=== Directions ===
Word for word, reproduce each entry.

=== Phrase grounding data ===
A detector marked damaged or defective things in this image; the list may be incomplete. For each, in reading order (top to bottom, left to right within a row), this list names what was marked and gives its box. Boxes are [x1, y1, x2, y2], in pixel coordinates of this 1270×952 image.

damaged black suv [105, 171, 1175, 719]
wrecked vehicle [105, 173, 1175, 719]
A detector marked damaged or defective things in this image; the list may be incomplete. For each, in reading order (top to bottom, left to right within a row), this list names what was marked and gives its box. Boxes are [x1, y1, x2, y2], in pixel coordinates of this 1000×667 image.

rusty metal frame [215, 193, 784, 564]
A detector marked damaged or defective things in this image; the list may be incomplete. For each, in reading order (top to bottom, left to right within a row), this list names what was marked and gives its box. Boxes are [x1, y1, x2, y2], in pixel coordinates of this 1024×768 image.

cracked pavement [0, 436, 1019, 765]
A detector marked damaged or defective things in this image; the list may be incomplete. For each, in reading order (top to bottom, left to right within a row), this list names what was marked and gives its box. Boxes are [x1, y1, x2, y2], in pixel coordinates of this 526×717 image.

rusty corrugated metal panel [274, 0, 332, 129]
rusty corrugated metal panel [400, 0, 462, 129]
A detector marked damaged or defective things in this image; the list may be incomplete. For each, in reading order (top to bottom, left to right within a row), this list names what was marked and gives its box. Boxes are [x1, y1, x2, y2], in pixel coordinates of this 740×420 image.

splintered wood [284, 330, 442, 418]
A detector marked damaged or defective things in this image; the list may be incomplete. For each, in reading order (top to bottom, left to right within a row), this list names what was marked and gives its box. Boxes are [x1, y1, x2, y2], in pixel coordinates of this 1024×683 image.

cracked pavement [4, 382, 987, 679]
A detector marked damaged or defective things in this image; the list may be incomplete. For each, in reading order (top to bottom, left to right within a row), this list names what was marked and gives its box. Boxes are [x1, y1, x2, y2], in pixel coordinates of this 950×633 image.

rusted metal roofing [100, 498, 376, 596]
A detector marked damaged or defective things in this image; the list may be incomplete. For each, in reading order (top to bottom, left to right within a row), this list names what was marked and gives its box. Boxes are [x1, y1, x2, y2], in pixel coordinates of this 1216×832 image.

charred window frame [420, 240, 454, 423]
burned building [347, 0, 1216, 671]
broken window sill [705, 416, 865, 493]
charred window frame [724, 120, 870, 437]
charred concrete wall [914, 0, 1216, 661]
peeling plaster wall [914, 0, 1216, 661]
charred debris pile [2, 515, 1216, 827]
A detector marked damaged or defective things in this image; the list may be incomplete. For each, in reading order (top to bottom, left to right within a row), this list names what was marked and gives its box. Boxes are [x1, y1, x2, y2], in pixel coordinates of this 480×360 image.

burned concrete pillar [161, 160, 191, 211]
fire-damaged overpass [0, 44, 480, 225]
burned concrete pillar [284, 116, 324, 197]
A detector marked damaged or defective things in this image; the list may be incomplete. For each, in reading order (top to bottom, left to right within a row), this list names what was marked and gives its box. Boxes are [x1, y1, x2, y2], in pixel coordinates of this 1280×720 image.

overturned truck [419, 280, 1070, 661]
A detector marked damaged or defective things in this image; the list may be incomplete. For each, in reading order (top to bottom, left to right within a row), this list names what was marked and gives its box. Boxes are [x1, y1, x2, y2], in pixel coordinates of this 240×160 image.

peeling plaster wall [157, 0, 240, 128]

=== Completed task ===
A detector marked damaged or defective things in this image; the list may be incomplete. For each, in reading order (top to bottom, left to right within a row), this list names what was marked and gives its box. Boxes are [x1, y1, x2, y2], in pixel coordinates of this 1270×952 image.

damaged black suv [105, 171, 1175, 719]
wrecked vehicle [105, 173, 1175, 719]
A detector marked damaged or defective things in this image; the list may be incomplete. For each, in reading order (top to bottom, left to right within a row), this list names what was marked and gives its box. Boxes are [x1, y1, x2, y2], in pixel coordinates of this 1000×667 image.

rusty metal frame [215, 193, 784, 564]
A detector marked damaged or defective things in this image; the list may be incomplete. For each, in reading order (top to bottom, left to right within a row), this list names what was marked and gives its box. Boxes are [x1, y1, x2, y2], in pixel coordinates of this 1024×768 image.

cracked pavement [0, 436, 1019, 765]
A detector marked damaged or defective things in this image; the list may be incomplete. For each, in reading order (top to bottom, left to right within a row), this list names what was marked and gives its box. Boxes are [x1, y1, x2, y2], in pixel coordinates of this 526×717 image.

rusty corrugated metal panel [274, 0, 332, 129]
rusty corrugated metal panel [400, 0, 462, 129]
A detector marked damaged or defective things in this image; the list may be incomplete. For each, in reading order (top to bottom, left to right within a row), this list names what was marked and gives its box. Boxes are [x1, y1, x2, y2], in pixel coordinates of this 740×420 image.

splintered wood [284, 330, 442, 418]
A detector marked damaged or defective things in this image; the list may be incomplete. For each, in reading order (top to bottom, left to right within a row), this list names what was marked and gives its box. Boxes are [x1, y1, x2, y2], in pixel coordinates of this 1024×683 image.

cracked pavement [4, 382, 987, 679]
A detector marked damaged or defective things in this image; the list may be incomplete. For each, in reading order (top to bottom, left to right within a row), this list names what was marked and gives its box. Boxes are [x1, y1, x2, y2], in pixel coordinates of this 950×633 image.

rusted metal roofing [100, 498, 376, 596]
A detector marked damaged or defective things in this image; the list may be incomplete. For each, in reading order (top to bottom, left to right within a row), this list names what was marked and gives its box. Boxes are [x1, y1, x2, y2], in pixel coordinates of this 1216×832 image.

charred window frame [420, 240, 454, 423]
burned building [347, 0, 1216, 671]
broken window sill [705, 416, 865, 493]
charred window frame [724, 120, 870, 437]
charred concrete wall [914, 0, 1216, 661]
peeling plaster wall [914, 0, 1216, 661]
charred debris pile [2, 515, 1216, 827]
A detector marked damaged or defective things in this image; the list may be incomplete. For each, in reading order (top to bottom, left to right within a row), this list names what was marked and gives its box. Boxes are [x1, y1, x2, y2], in pixel coordinates of this 480×360 image.

burned concrete pillar [161, 160, 191, 211]
fire-damaged overpass [0, 44, 480, 225]
burned concrete pillar [284, 116, 324, 197]
A detector marked damaged or defective things in this image; the list may be incomplete. For each, in reading order (top to bottom, left to right within a row), this list names what was marked and gives its box. Boxes are [x1, y1, x2, y2], in pixel coordinates of this 1280×720 image.

overturned truck [419, 280, 1070, 661]
A detector marked damaged or defective things in this image; the list may be incomplete. For each, in reading order (top to bottom, left to right within a row), this list names what was marked and gives its box. Boxes are [x1, y1, x2, y2], in pixel coordinates of this 240×160 image.

peeling plaster wall [157, 0, 240, 128]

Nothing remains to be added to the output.